Stable Diffusion Inference using FastAPI and load testing using Locust

#microservices #database #architecture #softwaredevelopment

Digital art or NFT has become incredibly valuable as the metaverse growing. To take advantage of this opportunity, We at Qolaba have chosen to investigate the methods of developing API endpoints and load testing for various numbers of concurrent users. In this article, We will go through this experiment and discover the numerous conclusions.

What is Stable-diffusion?

A machine learning system called Stable Diffusion uses diffusion to produce visuals from text. It functions as both Text to Image and Image to Image. The Stable Diffusion model is used to generate the majority of contemporary AI art that can be found online. With simply a word prompt and an open-source application, anyone can easily produce amazing art images. The new version of Stable diffusion offers a number of features, which may be found on the stability ai blog at Stable Diffusion 2.0 Release — Stability AI .

Inference of Stable-Diffusion using FastApi

I used the workstation with the specifications listed below to carry out the experiment.

The necessary Python packages for stable diffusion have to be installed before we can begin the inference procedure. We can do it by following the instructions provided in this Link. Make sure Pytorch is accessible in accordance with a CUDA version before beginning the installation.

pip install diffusers transformers accelerate scipy safetensors

Once installation of required packages is completed, we can go ahead with inferencing of stable diffusion using the FastAPI.

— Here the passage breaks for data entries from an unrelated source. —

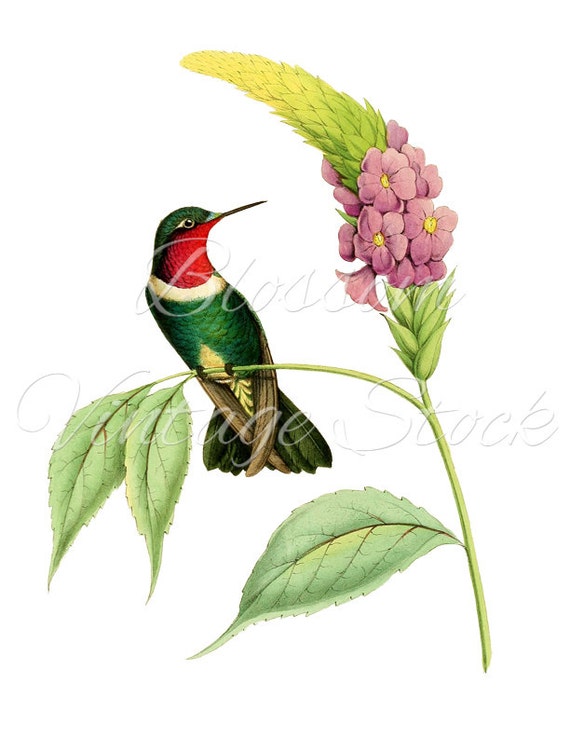 Hummingbird Vintage Image Hummingbird Clip Art Digital Image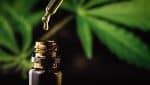 óleo CBD ansiedade APEPI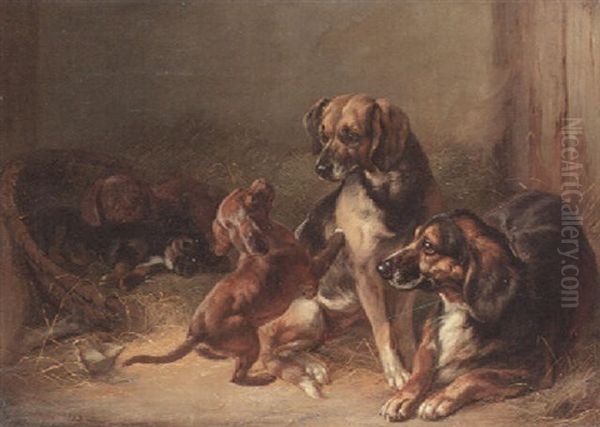 Dogs And Whelps - view 1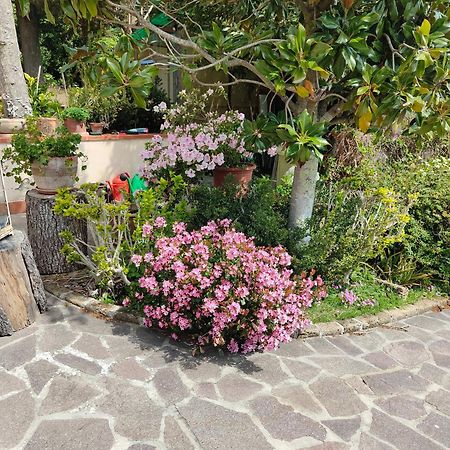 Il Diacciarello Apartman Gabbro Kültér fotó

from fastapi import FastAPI
from typing import List, Optional, Union
import io, uvicorn, gc
from fastapi.responses import StreamingResponse
import torch
import time
from diffusers import StableDiffusionPipeline, DPMSolverMultistepScheduler
from concurrent.futures import ThreadPoolExecutor

app = FastAPI()
app.POOL: ThreadPoolExecutor = None

@app.on_event("startup")
def startup_event():
    app.POOL = ThreadPoolExecutor(max_workers=1)
@app.on_event("shutdown")
def shutdown_event():
    app.POOL.shutdown(wait=False)

model_id = "stabilityai/stable-diffusion-2-1"
pipe_nsd = StableDiffusionPipeline.from_pretrained(model_id, torch_dtype=torch.float16)
pipe_nsd.scheduler = DPMSolverMultistepScheduler.from_config(pipe_nsd.scheduler.config)
pipe_nsd = pipe_nsd.to("cuda")

@app.post("/getimage_nsd")
def get_image_nsd(
    #prompt: Union[str, List[str]],
    prompt: Optional[str] = "dog",
    height: Optional[int] = 512,
    width: Optional[int] = 512,
    num_inference_steps: Optional[int] = 50,
    guidance_scale: Optional[float] = 7.5,
    negative_prompt: Optional[str] = None,):

    image = app.POOL.submit(pipe_nsd,prompt,height,width,num_inference_steps,guidance_scale,negative_prompt).result().images
    gc.collect()
    torch.cuda.empty_cache()
    filtered_image = io.BytesIO()
    image[0].save(filtered_image, "JPEG")
    filtered_image.seek(0)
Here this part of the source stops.